▸ **Dataset excerpt**

- Opening Delimiter -

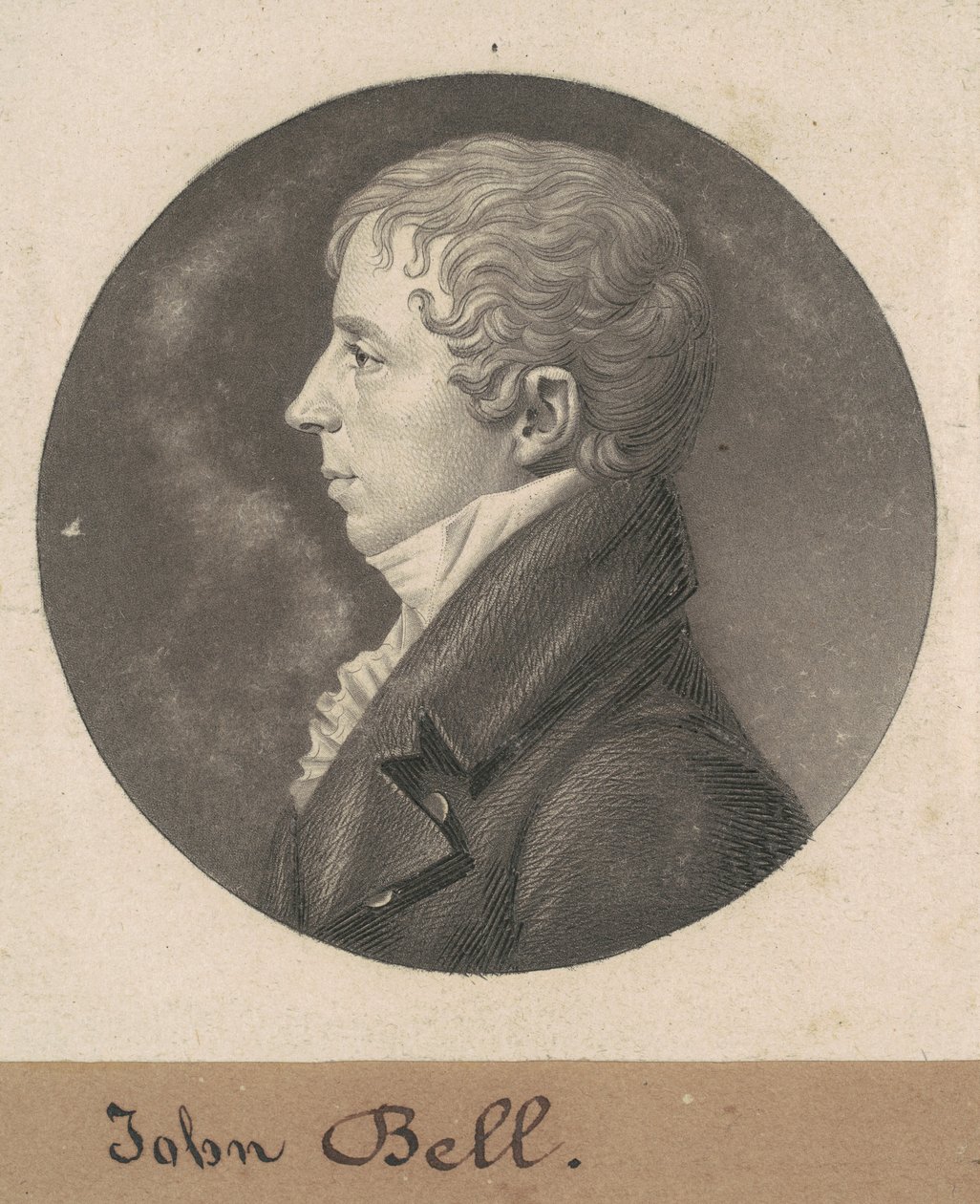 John Bell alkotó: Charles B. J. Févret de Saint Mémin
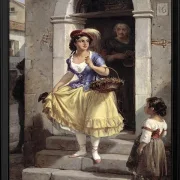 Eine Italienerin auf dem Weg zum Karneval - 1835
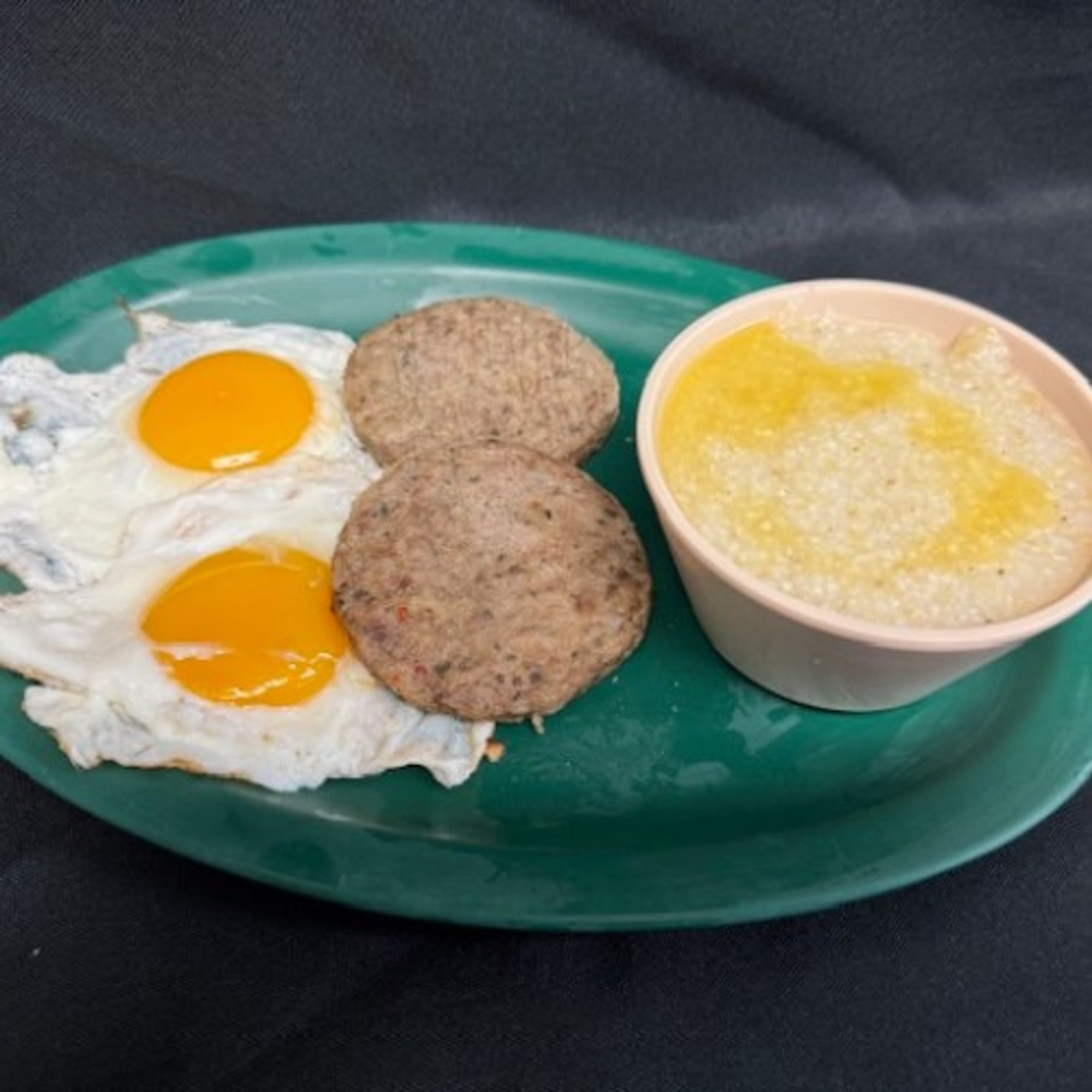 Patty Sausage and 1 Egg Plate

- Closing Delimiter -

▸ **What the task requires**
Please repeat the listing precisely, excluding the pictures it contains.

▸ **Answer space**
 John Bell alkotó: Charles B. J. Févret de Saint Mémin
 Eine Italienerin auf dem Weg zum Karneval - 1835
 Patty Sausage and 1 Egg Plate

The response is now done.